Máncora: Historia, Propiedad y Corrupción (Parte I)

El distrito de Máncora está muy próximo a cumplir 98 años de existencia política. Aún no alcanza la centuria y para muchos, inclusive para algunos autores, su origen no va más allá de la llegada de la familia “Pazos” a este actual asentamiento en los primeros años del siglo XX.

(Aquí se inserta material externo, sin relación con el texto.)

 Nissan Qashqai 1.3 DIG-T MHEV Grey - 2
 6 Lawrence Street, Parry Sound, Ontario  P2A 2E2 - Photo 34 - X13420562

Máncora ha acumulado juventudes, quizá desde tiempos anteriores de la conquista española. Muy probablemente, en este espacio se ubicó un pequeño pueblo de pescadores, que gozaban de los productos marinos, a la vez que abastecían de agua dulce proveyéndosela de la quebrada Fernández, que desemboca en la parte noroeste del actual distrito. Este espacio permitiría alimentación y descanso a los viajeros que hacían la ruta por el camino de los llanos entre los curacazgos tallanes (asentados en los ríos Piura y Chira) y el curacazgo Tumpis (alrededor del Río Tumbes). Pese a la existencia del “camino de los llanos” incaico, éste no era una vía propiamente litoral dada la desolada geografía del tablazo que se extiende por casi toda la actual provincia de Talara.

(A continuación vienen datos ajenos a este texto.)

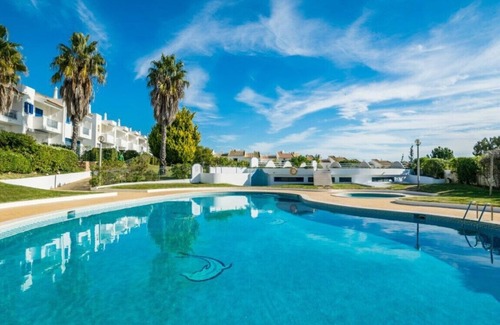 Areias de Sao Joao Condo | 600m from the beach Apartment in a closed condominium between Oura and Albufeira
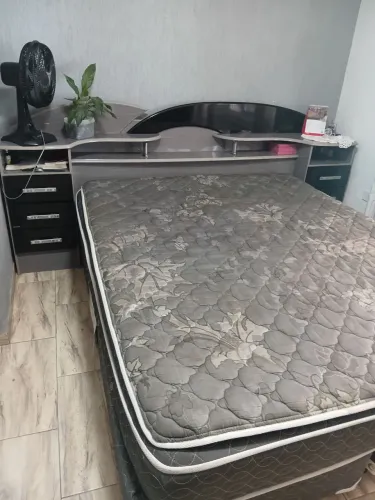 Cama Queen Size Castor com cabeceira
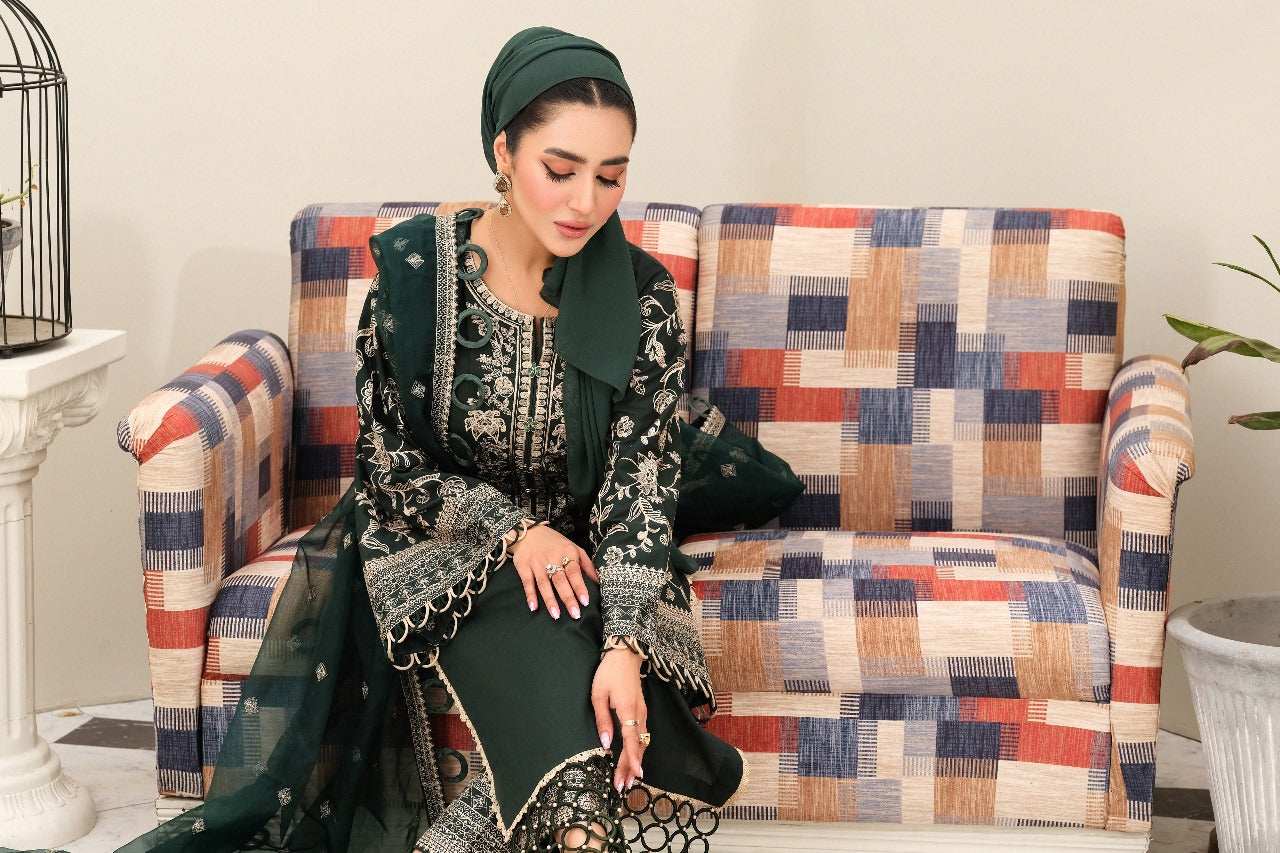 Aura - Eshaal Mishkaat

Llegado los tiempos de la conquista española, -hacia la mitad del siglo XVI- efectuados los repartimientos por Gonzalo Pizarro, Máncora aparece como uno más, junto con el de Tumbez y Pariñas, asignado a Dn. Francisco de Villalobos. Y, a diferencia de otras poblaciones, no es reconocida en la documentación virreinal como un asentamiento de indígenas importante. En el siglo XVII, dice Pavel Elias, Máncora era una parcialidad (que junto con Tumbes, Solana y algunos indios de Amotape) conformaban el pueblo o reducción de San Nicolás de Tumbes.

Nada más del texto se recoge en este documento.